# Tribe (Indian Giver)



## Hooked (30/10/17)

Has anyone tried this imported juice? It sounds divine! It's described as "A sweet, savory [sic] eliquid treat, Tribe is a deep fried vanilla ice cream, covered with a light coating of powdered sugar. a deep fried vanilla ice cream, covered with a light coating of powdered sugar."

Reactions: Like 1


----------



## zadiac (30/10/17)

@Rob Fisher had it before. He was crazy about it.

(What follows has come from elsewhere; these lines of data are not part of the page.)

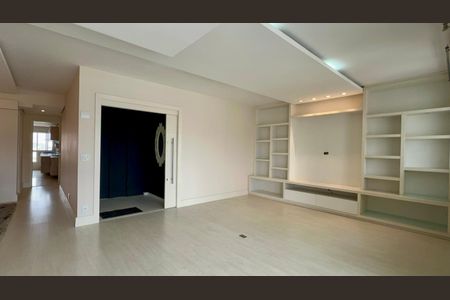 Sala de TV de apartamento para alugar com 3 quartos, 181m² em Pinheiros, São Paulo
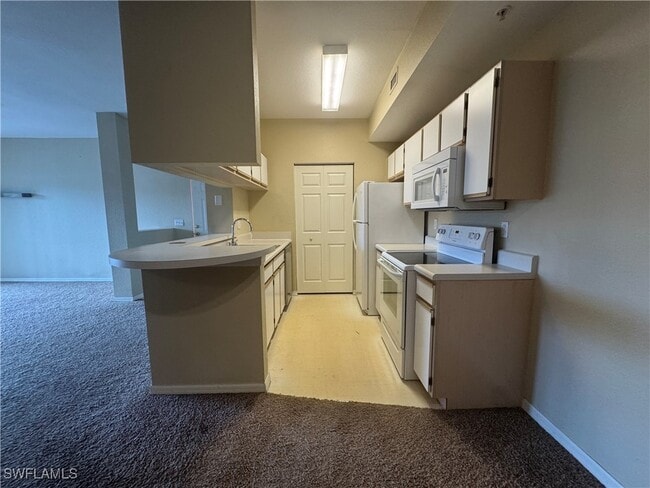 Building Photo - 6321 Aragon Way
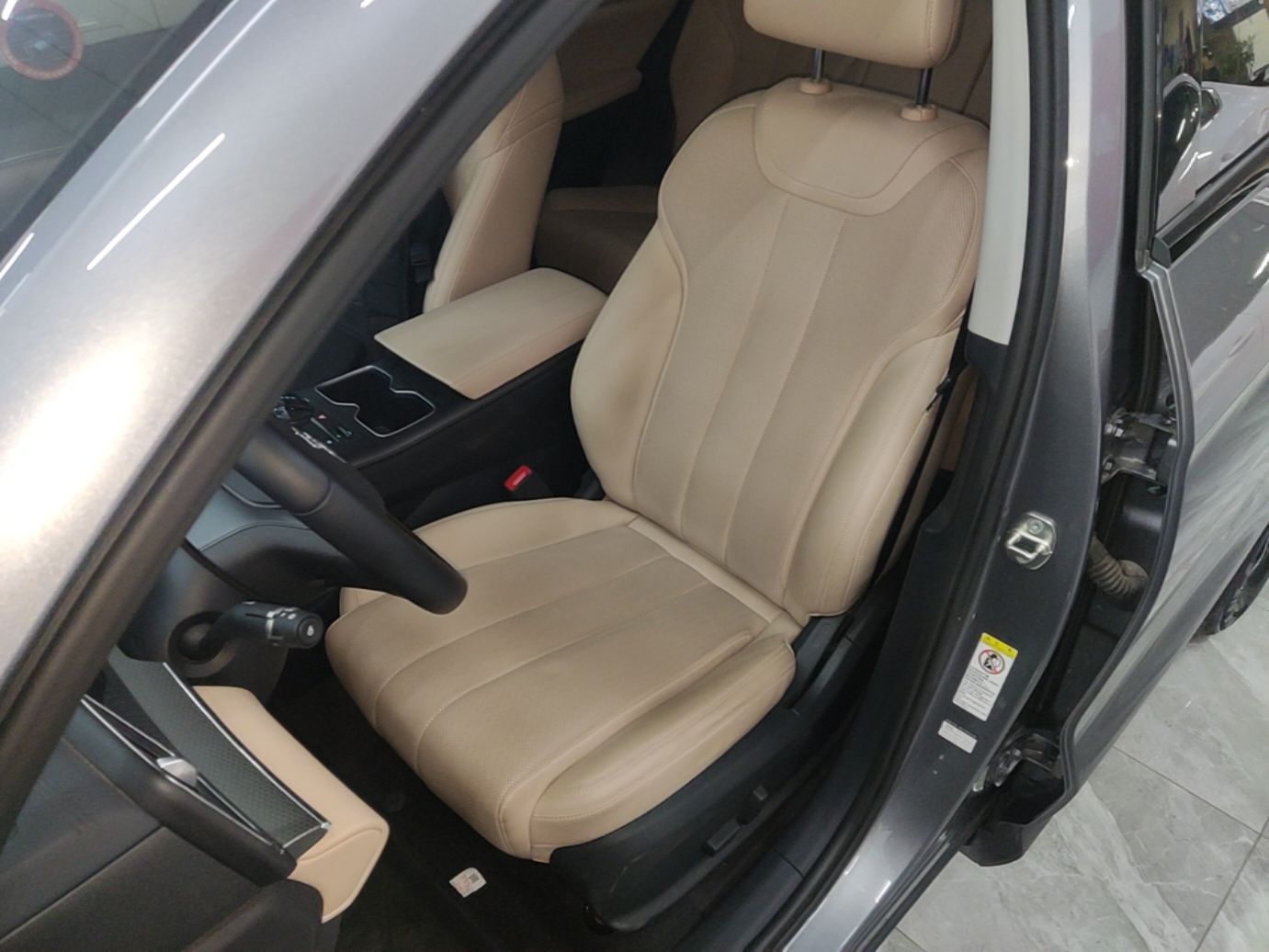 BYD Song Pro New Energy 2025 Second-Generation DM-i 75KM Leading Edition — снимка 17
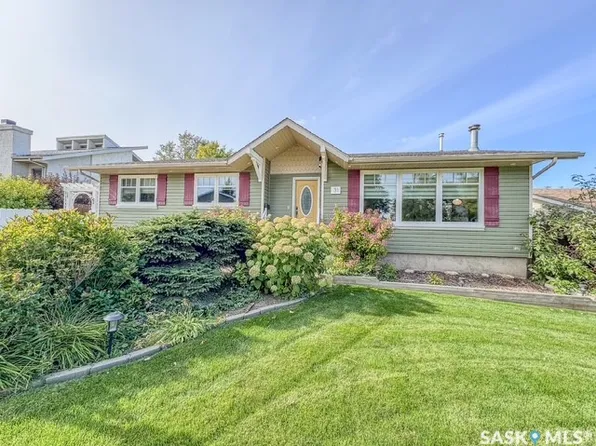 31 Burke Crescent, Swift Current, SK S9H 4E4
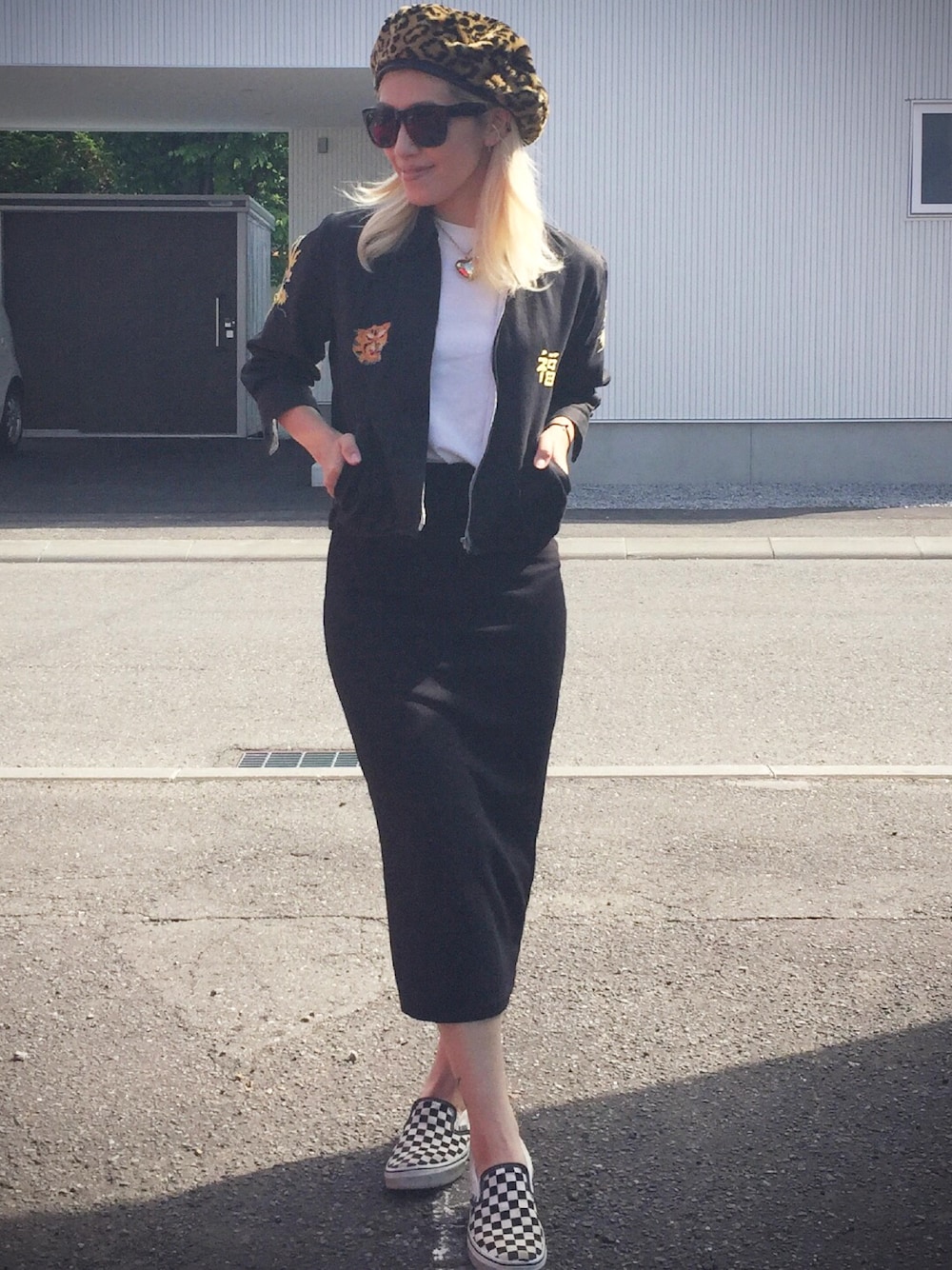 ブラック系のジャケット/アウター、ブラック系のスカート、ホワイト系のスリッポンを着用したレディースの夏コーディネートの1枚目の写真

Reactions: Like 2 | Agree 1


----------



## KZOR (30/10/17)

@Hooked 
Try the following recipe if you into DIY .............
http://e-liquid-recipes.com/recipe/1265975/Deep Fried Strawberry Vanilla Bean Ice Cream
Just leave out the strawberry

Reactions: Like 1 | Thanks 1


----------



## Hooked (30/10/17)

KZOR said:


> @Hooked
> Try the following recipe if you into DIY .............
> http://e-liquid-recipes.com/recipe/1265975/Deep Fried Strawberry Vanilla Bean Ice Cream
> Just leave out the strawberry



@KZOR not into DIY ... yet, but I'm collecting a few recipes here and there for when I start. Thanks so much for this one!!

Reactions: Like 1


----------



## Hooked (30/10/17)

zadiac said:


> @Rob Fisher had it before. He was crazy about it.



@Rob Fisher Who is "he"? Your dog? Good to know!

Reactions: Like 1


----------



## BioHAZarD (30/10/17)

Hooked said:


> @Rob Fisher Who is "he"? Your dog? Good to know!

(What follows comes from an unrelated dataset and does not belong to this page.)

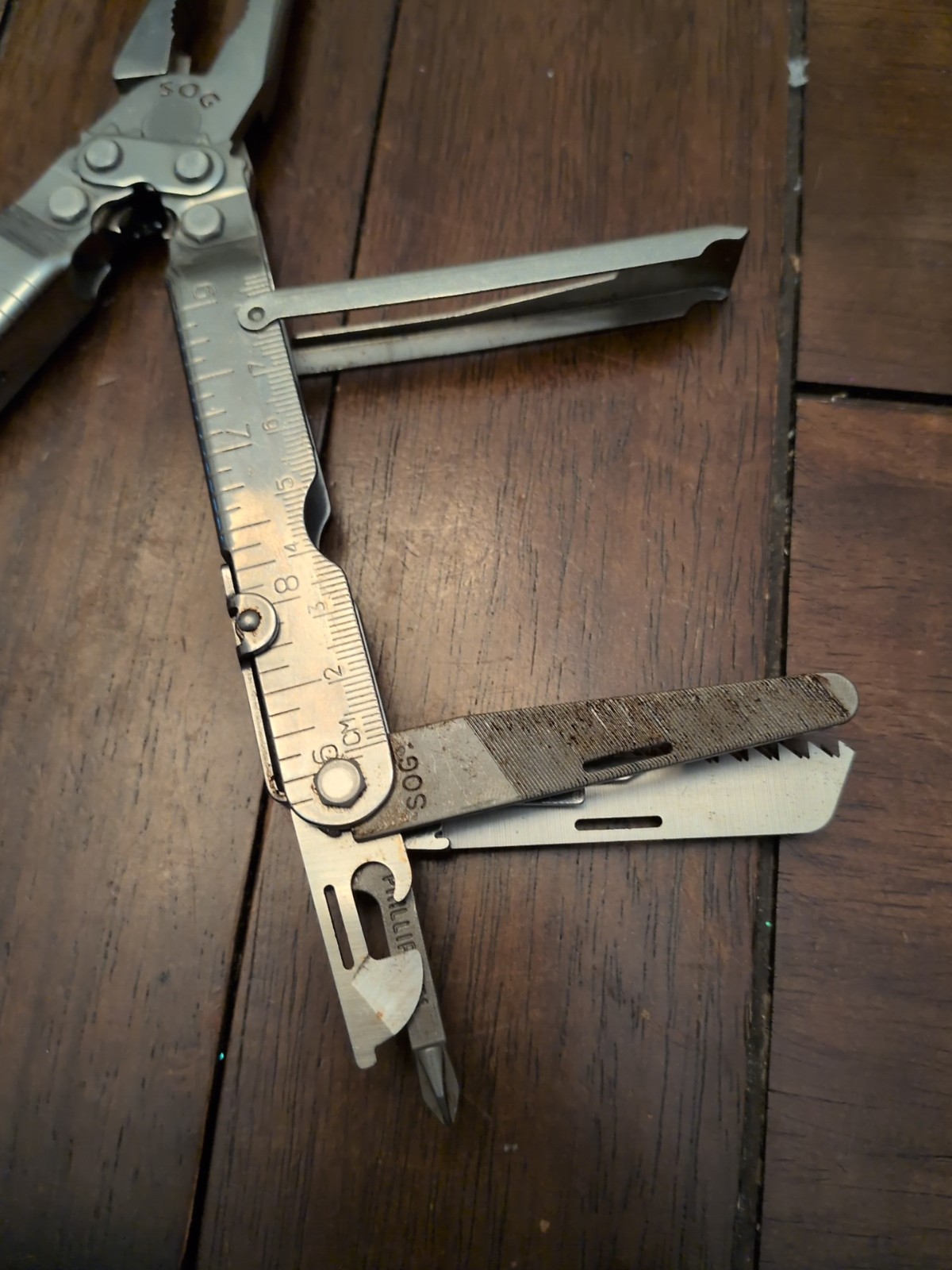 SOG POWERLOCK MULTI-TOOL WITH LEATHER CASE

Never heard of someone not knowing who the Skipper is. @Rob Fisher
I guess there is a first for everything 

BTW he prefers cats

Reactions: Like 1 | Agree 1 | Funny 2


----------



## zadiac (30/10/17)

Hooked said:


> @Rob Fisher Who is "he"? Your dog? Good to know!

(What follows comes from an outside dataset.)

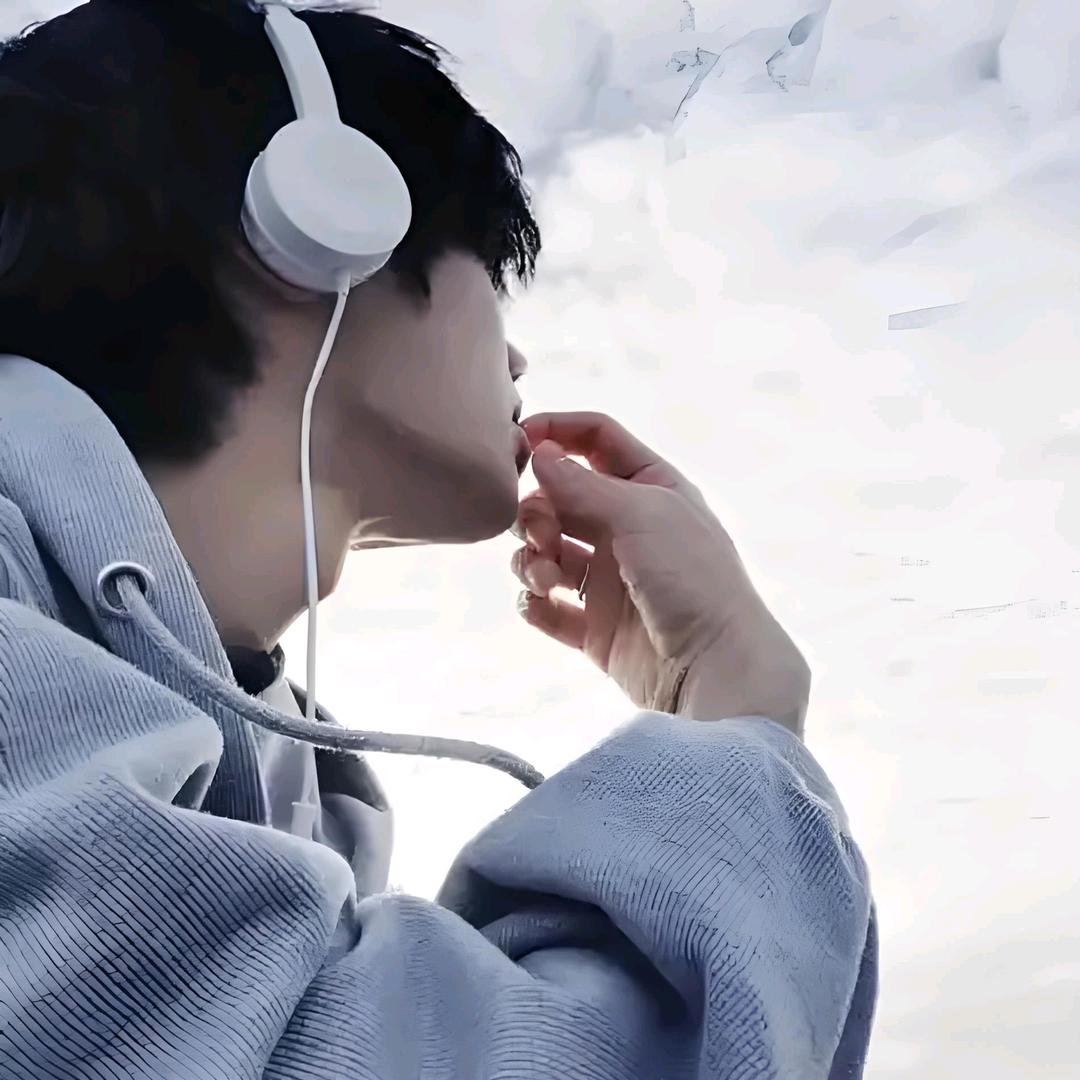 玻璃窗上的雨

I wouldn't call @Rob Fisher a dog if I were you. He is one of the very high up guys on this forum.

I tagged him in my previous post so he can respond.....hence the @

Reactions: Like 1


----------



## Rob Fisher (30/10/17)

Indian Giver is awesome. It was one of the first non menthols I vaped and finished bottles of. 


Sent from my iPhone using Tapatalk

Reactions: Like 2


----------